WHAT THE TASK ASKS –
Using the data below, return the stretch from the line that contains "Anillo mariposa acero dorado" through the line that contains "Pacific Lifestyle Glow", both included, exactly as it stands and nothing beyond it.

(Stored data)
————
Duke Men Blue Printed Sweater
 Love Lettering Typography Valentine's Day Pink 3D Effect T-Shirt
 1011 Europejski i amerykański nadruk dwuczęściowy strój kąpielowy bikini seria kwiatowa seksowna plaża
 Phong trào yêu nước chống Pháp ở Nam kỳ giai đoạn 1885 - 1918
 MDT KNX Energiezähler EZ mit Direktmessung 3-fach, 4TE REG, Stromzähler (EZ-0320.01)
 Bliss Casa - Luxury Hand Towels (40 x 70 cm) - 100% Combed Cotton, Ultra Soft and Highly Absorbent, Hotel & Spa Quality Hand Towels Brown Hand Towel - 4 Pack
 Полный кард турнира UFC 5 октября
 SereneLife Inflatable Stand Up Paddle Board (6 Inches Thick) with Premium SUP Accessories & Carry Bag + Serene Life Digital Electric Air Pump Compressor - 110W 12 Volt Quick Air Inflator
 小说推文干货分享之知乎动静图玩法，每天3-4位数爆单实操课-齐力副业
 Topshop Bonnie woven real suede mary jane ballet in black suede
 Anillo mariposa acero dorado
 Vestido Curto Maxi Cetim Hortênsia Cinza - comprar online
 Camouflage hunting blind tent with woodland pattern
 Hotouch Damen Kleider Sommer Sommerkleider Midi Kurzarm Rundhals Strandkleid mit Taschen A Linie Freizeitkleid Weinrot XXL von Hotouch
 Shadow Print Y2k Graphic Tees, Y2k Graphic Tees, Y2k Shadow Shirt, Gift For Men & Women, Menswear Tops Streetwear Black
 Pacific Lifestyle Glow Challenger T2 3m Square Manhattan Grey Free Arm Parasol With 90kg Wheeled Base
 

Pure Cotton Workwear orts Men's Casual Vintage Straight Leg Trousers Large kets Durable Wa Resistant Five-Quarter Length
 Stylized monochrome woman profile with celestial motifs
————
RESPONSE BELOW –
 Anillo mariposa acero dorado
 Vestido Curto Maxi Cetim Hortênsia Cinza - comprar online
 Camouflage hunting blind tent with woodland pattern
 Hotouch Damen Kleider Sommer Sommerkleider Midi Kurzarm Rundhals Strandkleid mit Taschen A Linie Freizeitkleid Weinrot XXL von Hotouch
 Shadow Print Y2k Graphic Tees, Y2k Graphic Tees, Y2k Shadow Shirt, Gift For Men & Women, Menswear Tops Streetwear Black
 Pacific Lifestyle Glow Challenger T2 3m Square Manhattan Grey Free Arm Parasol With 90kg Wheeled Base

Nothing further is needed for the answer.